Clinical features and management of paediatric asthma, highly prevalent in the Caribbean, was explored in Trinidadian children.Materials:
Children (2–16 years) with acute [visiting Accident and Emergency (A&E) in the past 12 months (50.2%, 120)] or stable asthma [controlled during the previous 3 months (49.8%, 119)] were studied.Results:
There were more (P < 0.001) boys (71.5%) than girls. Asthma was associated with asthmatic mothers (48.5%), fathers (19.2%) and both parents (15.1%) (P < 0.001). Children's average age of first wheeze was 2.5 (standard deviation = 1.3) years; 30.1% were nebulized before 1 year. In the past 12 months, frequencies of A&E visits were once (20.6%), >1 (61.9%) and >3 times (26.4%) (P < 0.001). Sufferers of exacerbations showed negative logistic regression for age (−0.129, standard error = 0.039, P < 0.001) independent of gender. Acute asthmatics who suffered cough, fever and sore throat in the preceding week were respectively 15.2 [odds ratio (OR) = 15.2, 95% confidence interval (CI) = 6.8–34.0], 13.7 (OR = 13.7, 95% CI = 6.7–28.2) and 3.4 (OR = 3.4, 95% CI = 1.7–6.7) times more likely to suffer wheeze exacerbations than stable children.

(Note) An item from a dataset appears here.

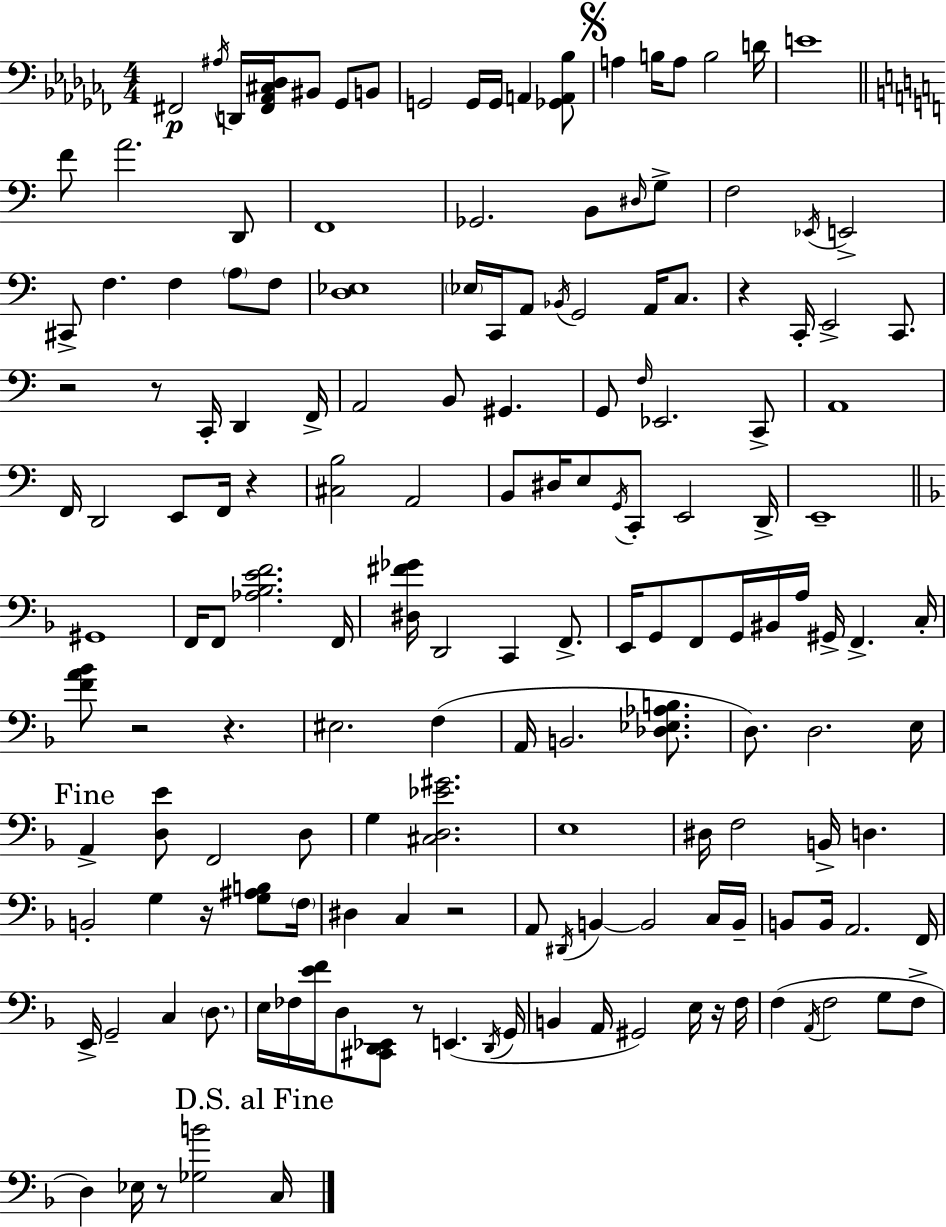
F#2/h A#3/s D2/s [F#2,Ab2,C#3,Db3]/s BIS2/e Gb2/e B2/e G2/h G2/s G2/s A2/q [Gb2,A2,Bb3]/e A3/q B3/s A3/e B3/h D4/s E4/w F4/e A4/h. D2/e F2/w Gb2/h. B2/e D#3/s G3/e F3/h Eb2/s E2/h C#2/e F3/q. F3/q A3/e F3/e [D3,Eb3]/w Eb3/s C2/s A2/e Bb2/s G2/h A2/s C3/e. R/q C2/s E2/h C2/e. R/h R/e C2/s D2/q F2/s A2/h B2/e G#2/q. G2/e F3/s Eb2/h. C2/e A2/w F2/s D2/h E2/e F2/s R/q [C#3,B3]/h A2/h B2/e D#3/s E3/e G2/s C2/e E2/h D2/s E2/w G#2/w F2/s F2/e [Ab3,Bb3,E4,F4]/h. F2/s [D#3,F#4,Gb4]/s D2/h C2/q F2/e. E2/s G2/e F2/e G2/s BIS2/s A3/s G#2/s F2/q. C3/s [F4,A4,Bb4]/e R/h R/q. EIS3/h. F3/q A2/s B2/h. [Db3,Eb3,Ab3,B3]/e. D3/e. D3/h. E3/s A2/q [D3,E4]/e F2/h D3/e G3/q [C#3,D3,Eb4,G#4]/h. E3/w D#3/s F3/h B2/s D3/q. B2/h G3/q R/s [G3,A#3,B3]/e F3/s D#3/q C3/q R/h A2/e D#2/s B2/q B2/h C3/s B2/s B2/e B2/s A2/h. F2/s E2/s G2/h C3/q D3/e. E3/s FES3/s [E4,F4]/s D3/e [C#2,D2,Eb2]/e R/e E2/q. D2/s G2/s B2/q A2/s G#2/h E3/s R/s F3/s F3/q A2/s F3/h G3/e F3/e D3/q Eb3/s R/e [Gb3,B4]/h C3/s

Most stable children (76.5%) inhaled corticosteroids with salbutamol reliever compared with 22.5% of acute asthmatics, whereas 40.8% of the latter group used salbutamol alone compared with 19.3% of stable children (P < 0.001).Conclusion:
Childhood wheeze occurs before 3 years and is associated with maternal asthma. Cough, fever and sore throat in the previous week are strongly associated with exacerbations. Defining these associations could enhance preventive approaches to combat childhood asthma.